As birth rates drop, hospitals are rethinking how babies are delivered
The region’s top health care providers are taking different approaches to delivering babies as birth rates continue to drop.
UPMC is consolidating its services to one of its main specialty hospitals and using telemedicine to provide services to those outside of the city, while Allegheny Health Network is focusing on providing services at smaller, regional hospitals.
UPMC announced last week that Mercy’s inpatient women’s health, obstetrics and neonatal intensive care unit will move to UPMC Magee-Womens Hospital — soon to be the only UPMC facility in the region to offer childbirth services.
The move comes as birth rates across the region continue to decline.
The change is part of a plan to consolidate the services into one hospital, while making room at Mercy for other services and the UPMC Vision and Rehabilitation Hospital set to break ground adjacent to Mercy this year.
“We are constantly looking at what the best way to deliver care is,” said Dr.
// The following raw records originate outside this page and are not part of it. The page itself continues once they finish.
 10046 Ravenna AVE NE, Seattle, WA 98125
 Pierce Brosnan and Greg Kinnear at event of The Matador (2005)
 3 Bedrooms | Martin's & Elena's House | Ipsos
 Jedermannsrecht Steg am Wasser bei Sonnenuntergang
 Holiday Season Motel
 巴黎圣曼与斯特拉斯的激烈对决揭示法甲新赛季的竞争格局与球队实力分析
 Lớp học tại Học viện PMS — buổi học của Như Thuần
Richard Beigi, president of UPMC Magee. “We see the pros being that it’s really concentrating that kind of care at one of our specialty hospitals.”
To fill in the gaps for patients who live outside the Pittsburgh area, UPMC offers telemedicine, in which patients can talk with a doctor from Magee via video to go over test results, ultrasounds and answer any questions. Unless they are suffering from a major complication, patients usually can deliver at their local hospital, he said.
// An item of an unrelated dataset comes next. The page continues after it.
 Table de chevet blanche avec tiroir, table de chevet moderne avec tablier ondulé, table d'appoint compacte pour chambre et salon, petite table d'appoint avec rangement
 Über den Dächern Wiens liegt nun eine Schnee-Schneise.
“For a lot of women, it has enabled them to receive their care and also deliver in those locations without having to drive really far,” Beigi said.
Overall, the birth rate in Pennsylvania is down, going from 145,874 births in 2000 to 137,771 in 2017, according to data from the state Department of Health. Local data match those numbers, with births in Allegheny County going from 14,281 in 2000 to 12,958 in 2017. Surrounding Armstrong, Westmoreland and Butler counties also saw births decline during that period.
Those numbers match a national trend identified by the Centers for Disease Control and Prevention in a report issued last week. The report, using 2017 data, showed not enough babies being born to replace the current population. The CDC also reported that birth rates declined in 2017 for women in their teens, 20s and 30s, leading to the fewest babies in 30 years. Women in their early 40s were the only group with higher birth rates in 2017, up 2 percent from the previous year. That rate has been rising since the early 1980s.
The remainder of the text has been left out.